The range is not often used, because only the two extreme observations are used, so it is highly influenced by outliers. Sometimes, the range may be given by stating both the maximum and the minimum value in the data instead of giving the difference between the maximum and the minimum values. The range is measured in the same measurement units as the data.

Example 13.5 (The range) For Jersey cow data (Example 13.2), the range is: \[ \text{Range} = \overbrace{6.5}^{\text{largest}} - \overbrace{4.5}^{\text{smallest}} = 2.0 \text{ percent}. \]
So the sample median percentage butterfat is 5.20 percent, with a range of 2.00 percent.

13.3.2 Computing the variation: Standard deviation

The population standard deviation is denoted by \(\sigma\) (‘sigma,’ the parameter) and is estimated by the sample standard deviation \(s\) (the statistic). The standard deviation is the most commonly-used measure of variation, but is complicated to compute manually (but you don’t need to do it manually!). The standard deviation is (roughly) the mean distance that the observations are away from the mean. This seems like a reasonable way to measure the amount of variation in some data.

The Greek letter \(\sigma\) (‘sigma’) is pronounced as expected: ‘sigma.’

The sample standard deviation \(s\) is mostly found using computer software (e.g., jamovi or SPSS) or a calculator (in Statistics Mode).

Definition 13.6 (Standard deviation) The standard deviation is, approximately, the average distance that observations are away from the mean.

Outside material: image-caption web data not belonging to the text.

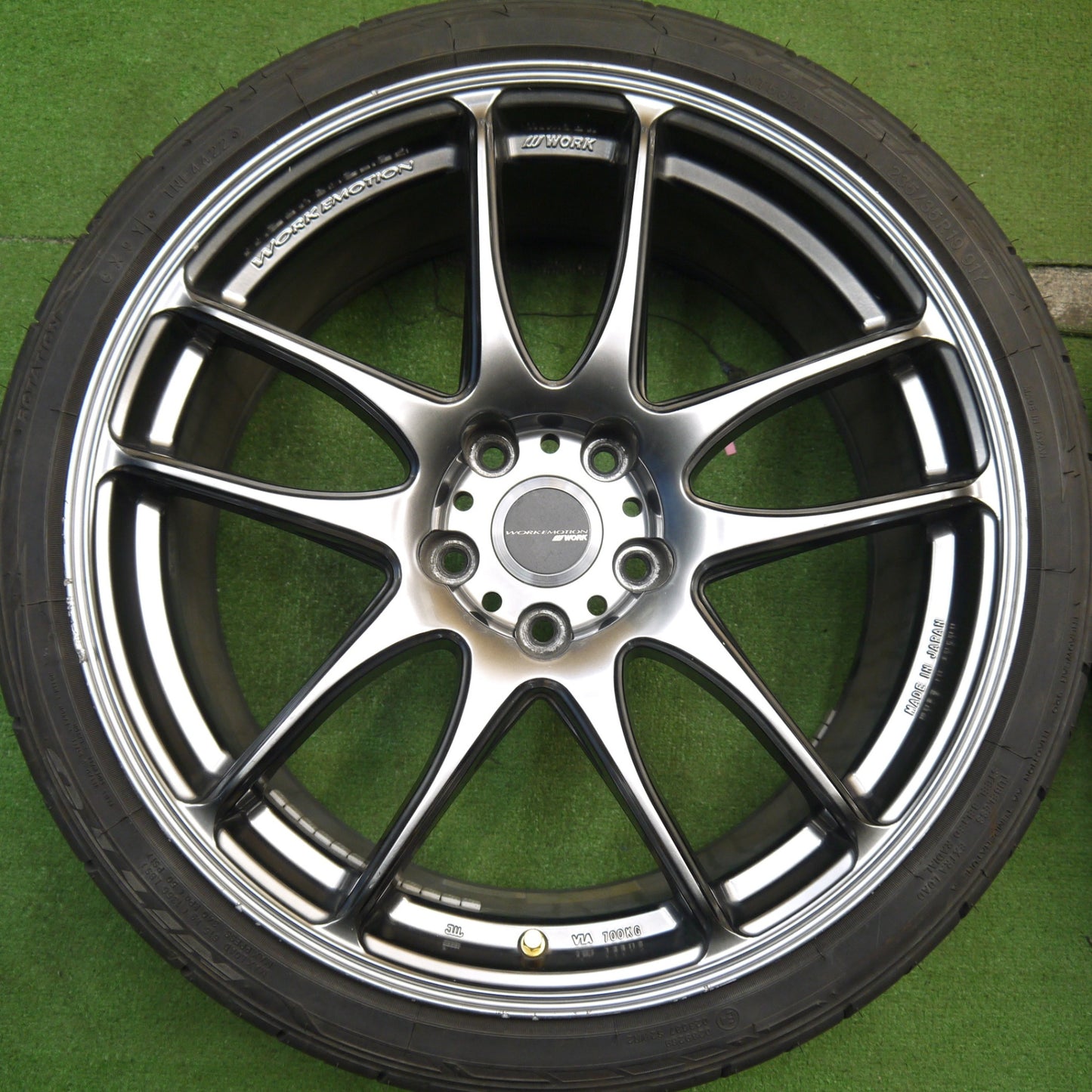 4本価格!22年★WORK EMOTION Kiwami EMT-KWM 235/35R19 ニットー NT555 G2 19インチ ワーク 極 PCD114.3/5H★5052109Hノ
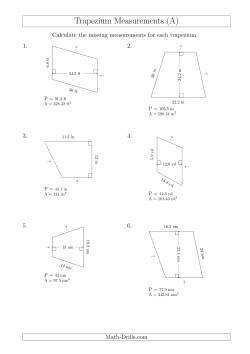 Calculating Bases and Sides of Trapeziums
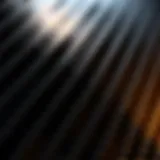 Close-up view of forged carbon fiber vinyl texture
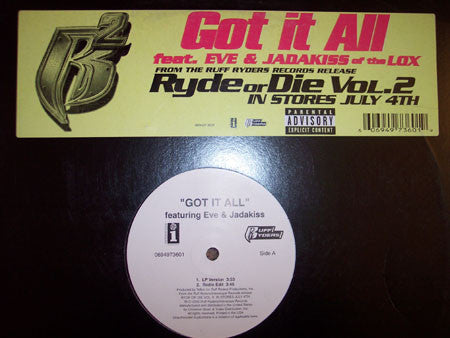 Ruff Ryders : Got It All (12")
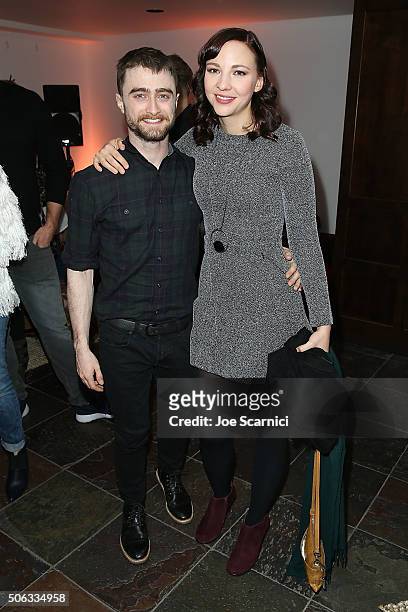 Daniel Radcliffe and Erin Darke attend the "Swiss Army Man" Premiere Party at The Acura Studio at Sundance Film Festival 2016 on January 22, 2016 in...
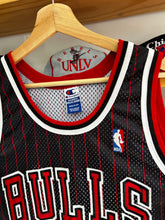 Load image into Gallery viewer, Vintage Champion Chicago Bulls Michael Jordan Pinstripe Authentic Jersey 44 Large
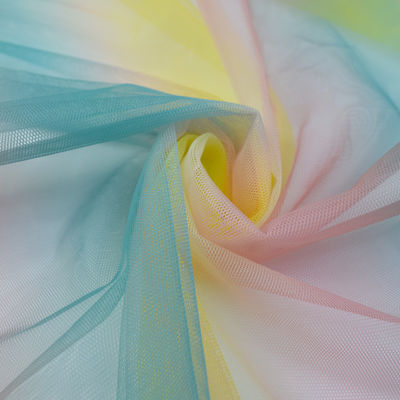 Tela del cordón de la flor de Tulle 3D del vestido de boda del vestido de noche del partido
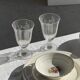 Vintage fruit salad service consisting of a bowl and 7 small dishes.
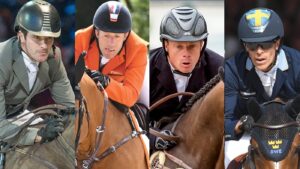 Philipp Weishaupt, Maikel van der Vleuten, Henrik von Eckermann and Willem Greve will contest the horse swap class.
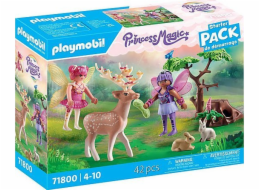Playmobil Sada figurek princezny Magické 71800 Víly s lesními zvířátky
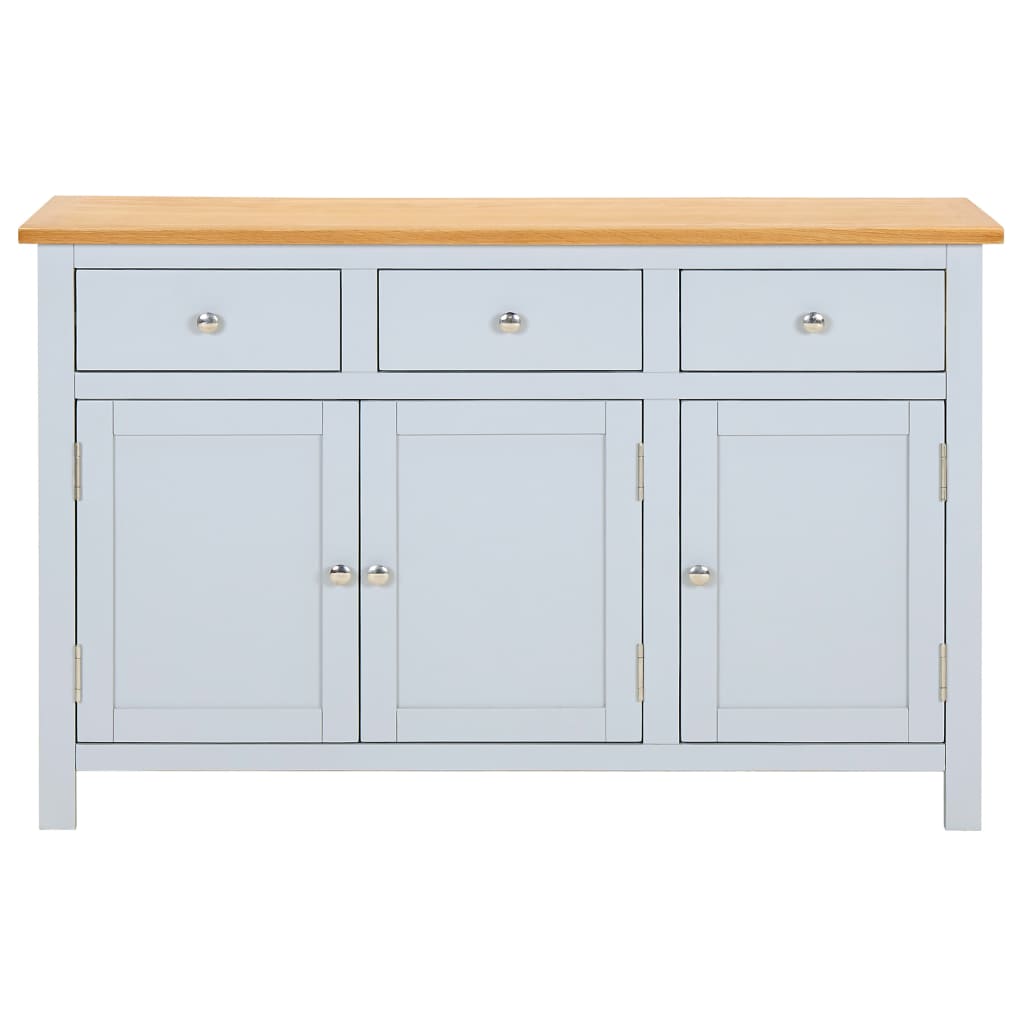 Credenza 110x33,5x70 Cm In Massello Di Rovere VidaXL 14 width=274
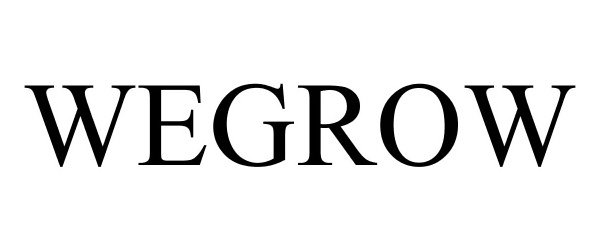 Trademark Logo WEGROW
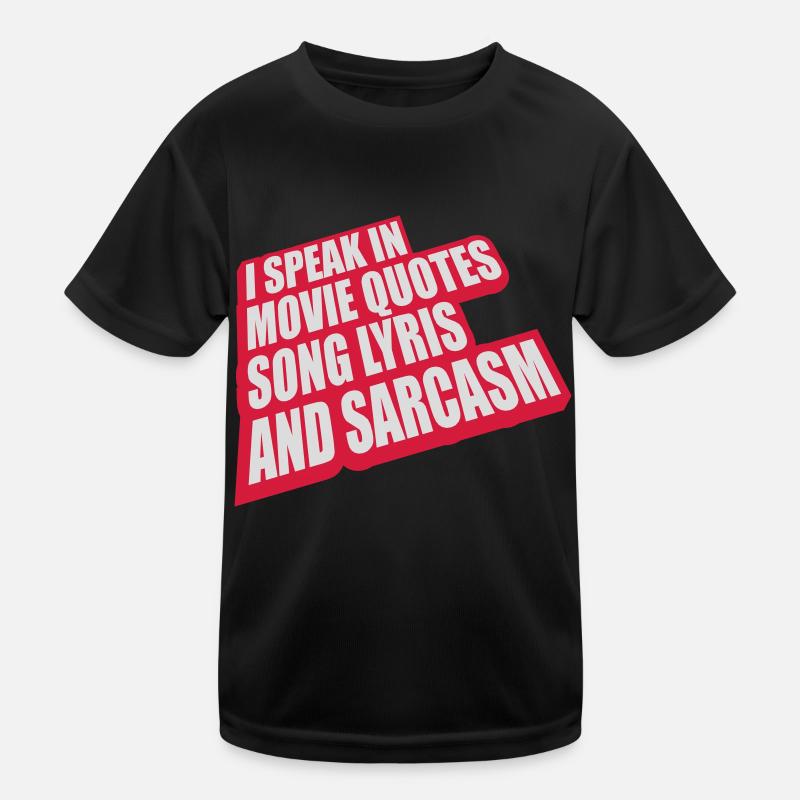 speak lyrics and sarcasm Kids Functional T-Shirt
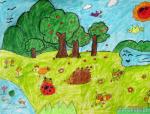 幼儿绘画作品欢乐森林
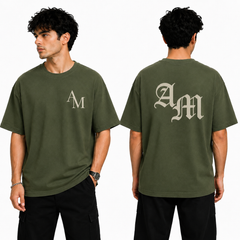 Men’s Oversized Graphic Print T-Shirt - AM Design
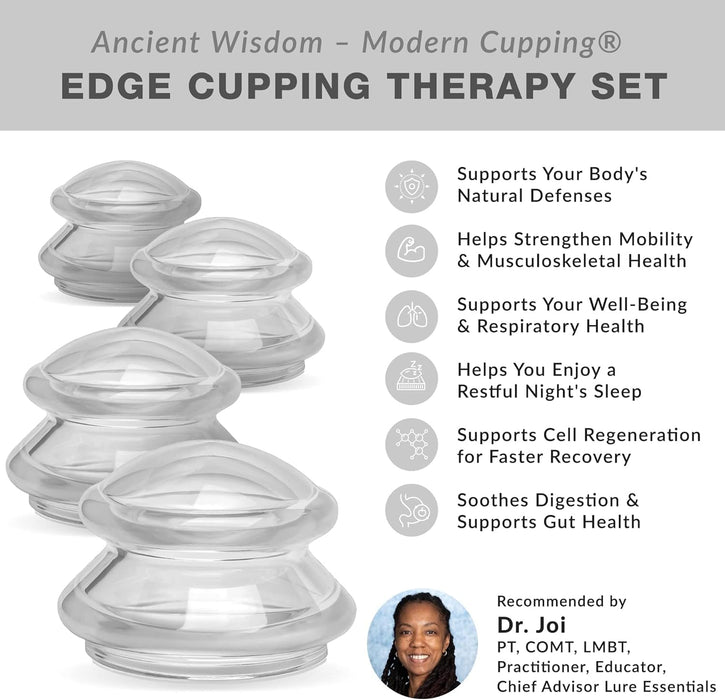 EDGE™ Pro Cupping Set Clear, 8 Cups
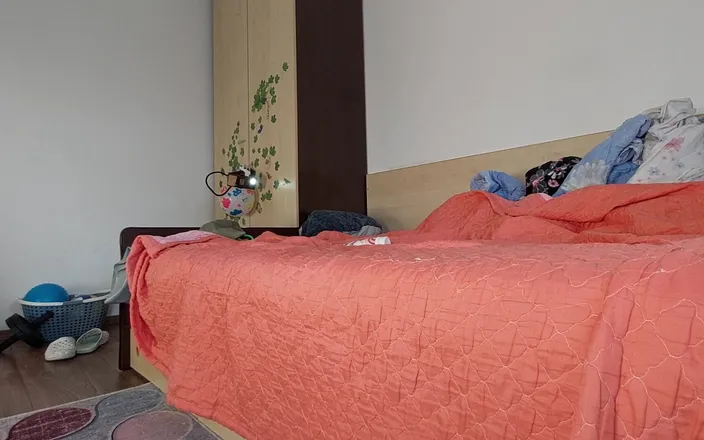 Mirsur: Sexy Mom Massages Herself with Vibrator. Brunette Hairy Pussy, Big...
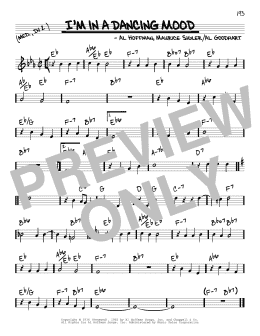 page one of I'm In A Dancing Mood (Real Book – Melody & Chords)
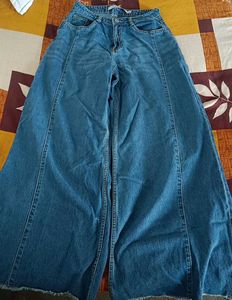Wide Leg Denim Jeans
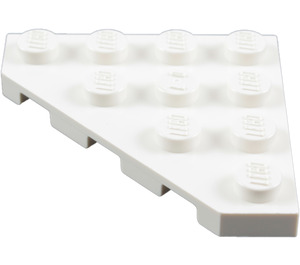 LEGO White Wedge Plate 4 x 4 Corner (30503)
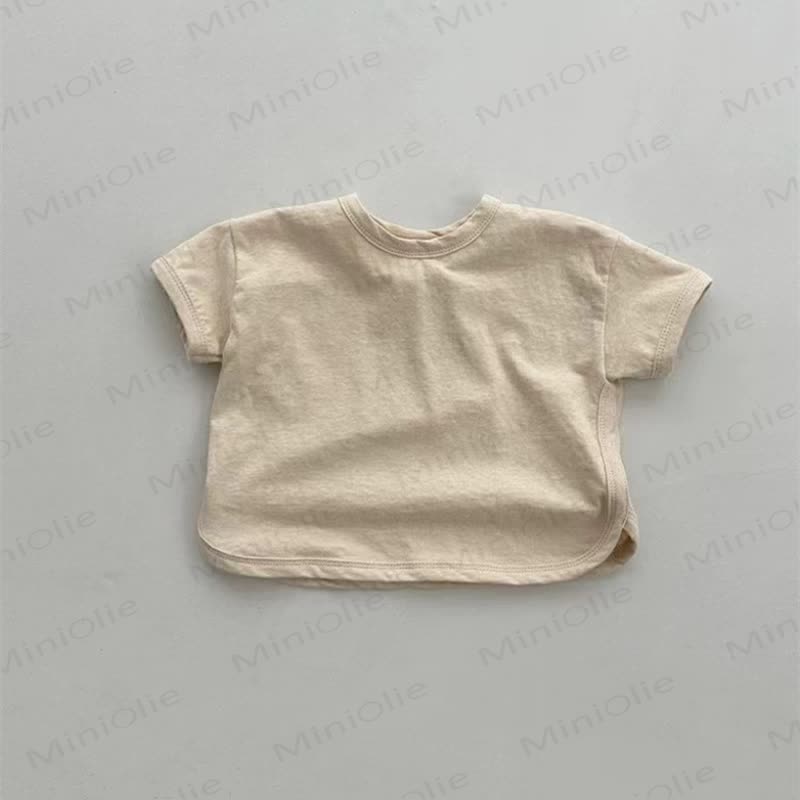 Baby Comfort Solid Color Simple T-shirt - Yellow - 18-24M - image 5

You do not have to use the formula to calculate \(s\), but we will demonstrate for those who might find it useful to understand exactly what \(s\) calculates. The formula is:

\[ s = \sqrt{ \frac{\sum(x - \bar{x})^2}{n-1} }, \] where \(\bar{x}\) is the sample mean, \(x\) represents the data values, and \(n\) is the sample size. To use the formula, follow these steps:

Calculate the sample mean: \(\overline{x}\);
Calculate the deviations of each observation \(x\) from the mean: \(x-\bar{x}\);
Square these deviations (to make them all positive values): \((x-\bar{x})^2\);
Add these values: \(\sum(x-\bar{x})^2\);
Divide the answer by \(n-1\);
Take the (positive) square root of the answer.

You do not need to use the formula! You must know how to use software or a calculator to find the standard deviation.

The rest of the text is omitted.